Il parallelismo tra un’industria dell’auto che si occupa prevalentemente di disciplinare il lavoro e ridurne gli spazi di libertà e di creatività piuttosto che di proporre nuovi modelli e tecnologie in grado di trovare i propri mercati; e un’università quasi esclusivamente concentrata sulla sua sopravvivenza espandendo le aree del lavoro precario e sottopagato a discapito della qualità dell’insegnamento e della ricerca è sconsolante.
Da questa analisi certamente troppo schematica ne deriva che le sfide per la sinistra non consisteranno solo nel mettere toppe – difendere con le unghie contratti e diritti acquisiti nell’industria, pianificare le assunzioni dei precari nel mondo della scuola e università –, ma nel tentare di ribaltare un modello di economia e di politica. Alla produttività bisognerà riuscire ad anteporre il prodotto: cioè alla quantità di prodotto bisognerà anteporre cosa si produce e come lo si produce. E allo stesso tempo alla questione della difesa dei posti di lavoro e dei salari bisognerà affiancare (e forse anteporre) la questione dell’eguaglianza nei posti di lavoro tra precari e non, della partecipazioni democratica alle scelte nei luoghi di lavoro, della ricerca di nuove motivazioni per chi lavora in situazioni di preoccupante isolamento umano.

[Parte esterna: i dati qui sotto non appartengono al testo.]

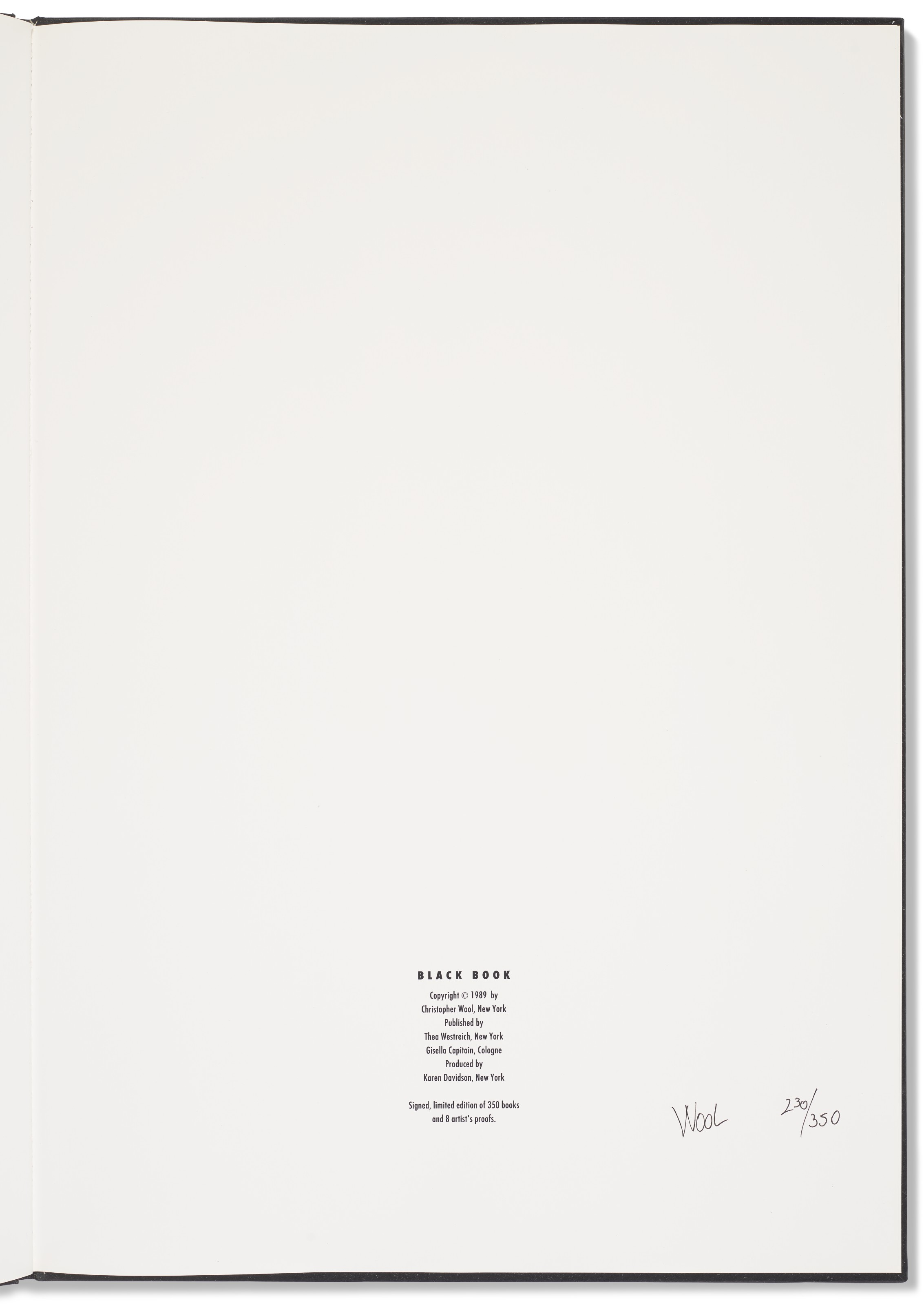 Christopher Wool — Черная книга, изображение 13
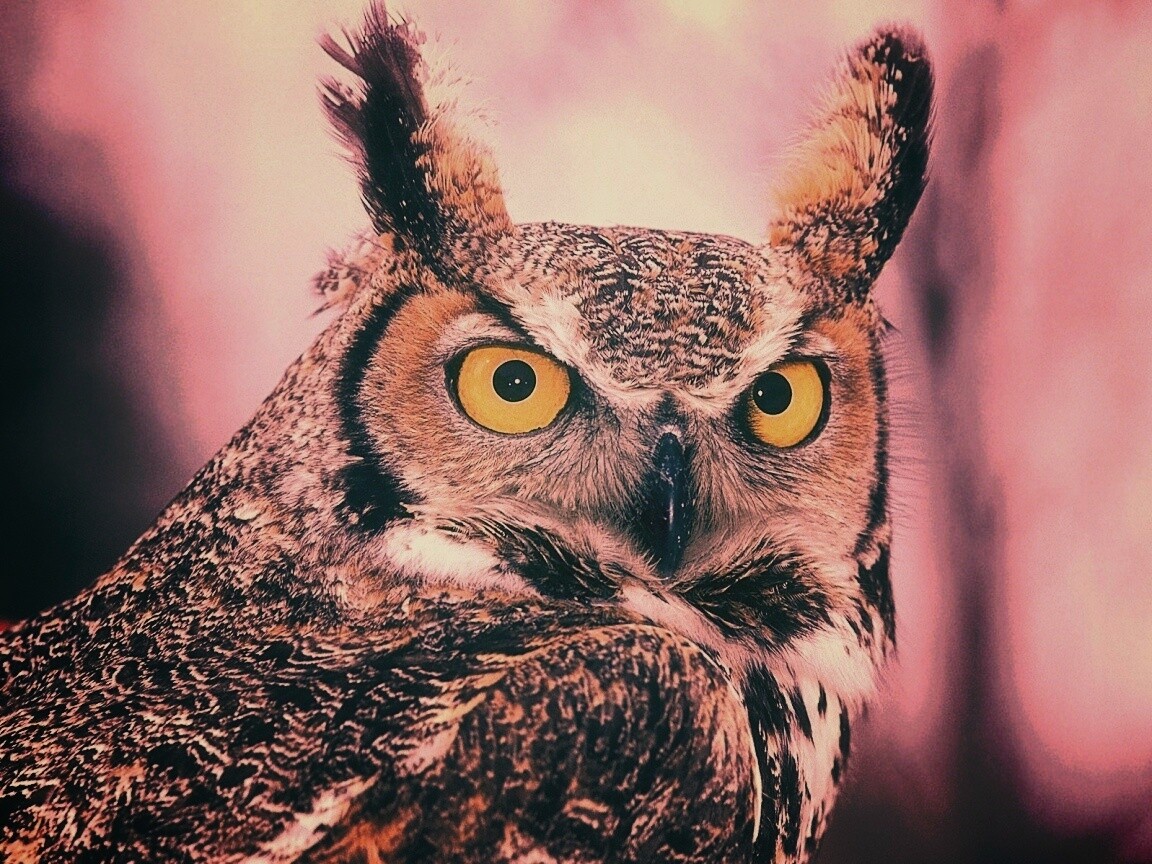 Орлиная сова обои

Non è detto che una battaglia politica e sindacale basti a riportare l’Italia a dialogare con le altri grandi nazioni che oramai stanno acquisendo un vantaggio strutturale sulle più deboli dell’Unione europea. Un’azione interna dovrà essere accompagnata da misure strutturali a livello di Unione europea che consentono una perequazione tra le aree più avvantaggiate e quelle più svantaggiate dalla moneta unica e una democratizzazione generale del sistema. Di queste misure l’Italia ha certamente tutta l’autorevolezza per farsi portavoce. L’importante però è che oggi si ragioni sul futuro e si ribaltino errori nei quali oramai si susseguono da 20 anni Governi di centrodestra e centrosinistra concentrati esclusivamente sulla produttività, la flessibilità, il controllo del bilancio e gli altri feticci di una macroeconomia che ha impoverito sia culturalmente che economicamente il nostro Paese.